Entries taken from a collection
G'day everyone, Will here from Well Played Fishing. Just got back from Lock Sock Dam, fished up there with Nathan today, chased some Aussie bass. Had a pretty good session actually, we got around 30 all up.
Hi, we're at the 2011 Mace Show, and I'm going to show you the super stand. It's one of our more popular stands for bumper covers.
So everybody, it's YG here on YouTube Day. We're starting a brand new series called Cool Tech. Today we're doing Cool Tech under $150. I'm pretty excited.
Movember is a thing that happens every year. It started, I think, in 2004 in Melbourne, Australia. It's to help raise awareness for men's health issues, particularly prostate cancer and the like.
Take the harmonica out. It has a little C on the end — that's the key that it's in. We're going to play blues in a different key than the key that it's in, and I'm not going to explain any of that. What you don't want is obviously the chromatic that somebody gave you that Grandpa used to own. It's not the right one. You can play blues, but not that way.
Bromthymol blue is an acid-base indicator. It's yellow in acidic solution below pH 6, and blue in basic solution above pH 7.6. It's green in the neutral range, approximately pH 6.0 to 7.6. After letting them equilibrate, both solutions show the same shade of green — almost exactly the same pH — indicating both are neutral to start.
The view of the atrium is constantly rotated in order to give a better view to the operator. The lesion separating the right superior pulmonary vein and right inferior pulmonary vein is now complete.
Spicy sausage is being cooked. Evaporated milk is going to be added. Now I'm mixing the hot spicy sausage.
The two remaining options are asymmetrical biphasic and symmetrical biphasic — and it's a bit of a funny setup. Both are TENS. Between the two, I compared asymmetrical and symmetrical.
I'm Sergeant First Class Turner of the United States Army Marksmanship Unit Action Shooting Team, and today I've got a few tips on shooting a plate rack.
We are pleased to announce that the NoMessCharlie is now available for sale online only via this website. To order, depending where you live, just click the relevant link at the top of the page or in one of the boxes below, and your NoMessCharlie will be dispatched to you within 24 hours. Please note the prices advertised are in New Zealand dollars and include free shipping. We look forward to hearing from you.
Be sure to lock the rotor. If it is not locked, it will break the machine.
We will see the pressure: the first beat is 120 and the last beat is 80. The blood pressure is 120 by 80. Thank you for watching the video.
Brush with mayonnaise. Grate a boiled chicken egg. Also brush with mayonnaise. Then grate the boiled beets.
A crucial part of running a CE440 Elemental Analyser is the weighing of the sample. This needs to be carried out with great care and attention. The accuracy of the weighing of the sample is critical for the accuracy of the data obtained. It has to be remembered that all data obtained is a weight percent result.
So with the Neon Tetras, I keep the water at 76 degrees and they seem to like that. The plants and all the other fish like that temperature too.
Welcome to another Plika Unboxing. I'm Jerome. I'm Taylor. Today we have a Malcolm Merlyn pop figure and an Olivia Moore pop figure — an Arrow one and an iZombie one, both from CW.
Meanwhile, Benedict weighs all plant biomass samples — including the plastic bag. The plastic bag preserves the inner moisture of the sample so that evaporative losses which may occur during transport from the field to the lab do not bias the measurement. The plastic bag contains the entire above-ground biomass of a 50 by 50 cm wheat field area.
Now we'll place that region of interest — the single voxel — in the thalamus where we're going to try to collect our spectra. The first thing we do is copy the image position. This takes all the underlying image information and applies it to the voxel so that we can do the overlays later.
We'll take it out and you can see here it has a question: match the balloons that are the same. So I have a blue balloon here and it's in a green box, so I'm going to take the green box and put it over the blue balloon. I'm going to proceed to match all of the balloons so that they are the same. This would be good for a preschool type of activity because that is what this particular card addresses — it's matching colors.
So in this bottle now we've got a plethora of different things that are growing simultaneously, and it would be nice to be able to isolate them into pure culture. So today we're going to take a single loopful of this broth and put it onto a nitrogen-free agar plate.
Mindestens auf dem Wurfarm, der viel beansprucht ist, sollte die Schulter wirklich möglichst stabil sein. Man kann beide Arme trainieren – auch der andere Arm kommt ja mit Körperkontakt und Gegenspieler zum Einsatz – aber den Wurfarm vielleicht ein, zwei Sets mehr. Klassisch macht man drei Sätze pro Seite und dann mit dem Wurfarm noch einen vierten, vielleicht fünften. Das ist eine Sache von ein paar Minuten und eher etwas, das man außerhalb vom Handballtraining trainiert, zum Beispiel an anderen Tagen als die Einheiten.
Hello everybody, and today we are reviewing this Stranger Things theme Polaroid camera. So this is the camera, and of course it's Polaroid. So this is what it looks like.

■ **YOUR GOAL**: With nothing left out, print the data above exactly.

■ **RESULT**:
G'day everyone, Will here from Well Played Fishing. Just got back from Lock Sock Dam, fished up there with Nathan today, chased some Aussie bass. Had a pretty good session actually, we got around 30 all up.
Hi, we're at the 2011 Mace Show, and I'm going to show you the super stand. It's one of our more popular stands for bumper covers.
So everybody, it's YG here on YouTube Day. We're starting a brand new series called Cool Tech. Today we're doing Cool Tech under $150. I'm pretty excited.
Movember is a thing that happens every year. It started, I think, in 2004 in Melbourne, Australia. It's to help raise awareness for men's health issues, particularly prostate cancer and the like.
Take the harmonica out. It has a little C on the end — that's the key that it's in. We're going to play blues in a different key than the key that it's in, and I'm not going to explain any of that. What you don't want is obviously the chromatic that somebody gave you that Grandpa used to own. It's not the right one. You can play blues, but not that way.
Bromthymol blue is an acid-base indicator. It's yellow in acidic solution below pH 6, and blue in basic solution above pH 7.6. It's green in the neutral range, approximately pH 6.0 to 7.6. After letting them equilibrate, both solutions show the same shade of green — almost exactly the same pH — indicating both are neutral to start.
The view of the atrium is constantly rotated in order to give a better view to the operator. The lesion separating the right superior pulmonary vein and right inferior pulmonary vein is now complete.
Spicy sausage is being cooked. Evaporated milk is going to be added. Now I'm mixing the hot spicy sausage.
The two remaining options are asymmetrical biphasic and symmetrical biphasic — and it's a bit of a funny setup. Both are TENS. Between the two, I compared asymmetrical and symmetrical.
I'm Sergeant First Class Turner of the United States Army Marksmanship Unit Action Shooting Team, and today I've got a few tips on shooting a plate rack.
We are pleased to announce that the NoMessCharlie is now available for sale online only via this website. To order, depending where you live, just click the relevant link at the top of the page or in one of the boxes below, and your NoMessCharlie will be dispatched to you within 24 hours. Please note the prices advertised are in New Zealand dollars and include free shipping. We look forward to hearing from you.
Be sure to lock the rotor. If it is not locked, it will break the machine.
We will see the pressure: the first beat is 120 and the last beat is 80. The blood pressure is 120 by 80. Thank you for watching the video.
Brush with mayonnaise. Grate a boiled chicken egg. Also brush with mayonnaise. Then grate the boiled beets.
A crucial part of running a CE440 Elemental Analyser is the weighing of the sample. This needs to be carried out with great care and attention. The accuracy of the weighing of the sample is critical for the accuracy of the data obtained. It has to be remembered that all data obtained is a weight percent result.
So with the Neon Tetras, I keep the water at 76 degrees and they seem to like that. The plants and all the other fish like that temperature too.
Welcome to another Plika Unboxing. I'm Jerome. I'm Taylor. Today we have a Malcolm Merlyn pop figure and an Olivia Moore pop figure — an Arrow one and an iZombie one, both from CW.
Meanwhile, Benedict weighs all plant biomass samples — including the plastic bag. The plastic bag preserves the inner moisture of the sample so that evaporative losses which may occur during transport from the field to the lab do not bias the measurement. The plastic bag contains the entire above-ground biomass of a 50 by 50 cm wheat field area.
Now we'll place that region of interest — the single voxel — in the thalamus where we're going to try to collect our spectra. The first thing we do is copy the image position. This takes all the underlying image information and applies it to the voxel so that we can do the overlays later.
We'll take it out and you can see here it has a question: match the balloons that are the same. So I have a blue balloon here and it's in a green box, so I'm going to take the green box and put it over the blue balloon. I'm going to proceed to match all of the balloons so that they are the same. This would be good for a preschool type of activity because that is what this particular card addresses — it's matching colors.
So in this bottle now we've got a plethora of different things that are growing simultaneously, and it would be nice to be able to isolate them into pure culture. So today we're going to take a single loopful of this broth and put it onto a nitrogen-free agar plate.
Mindestens auf dem Wurfarm, der viel beansprucht ist, sollte die Schulter wirklich möglichst stabil sein. Man kann beide Arme trainieren – auch der andere Arm kommt ja mit Körperkontakt und Gegenspieler zum Einsatz – aber den Wurfarm vielleicht ein, zwei Sets mehr. Klassisch macht man drei Sätze pro Seite und dann mit dem Wurfarm noch einen vierten, vielleicht fünften. Das ist eine Sache von ein paar Minuten und eher etwas, das man außerhalb vom Handballtraining trainiert, zum Beispiel an anderen Tagen als die Einheiten.
Hello everybody, and today we are reviewing this Stranger Things theme Polaroid camera. So this is the camera, and of course it's Polaroid. So this is what it looks like.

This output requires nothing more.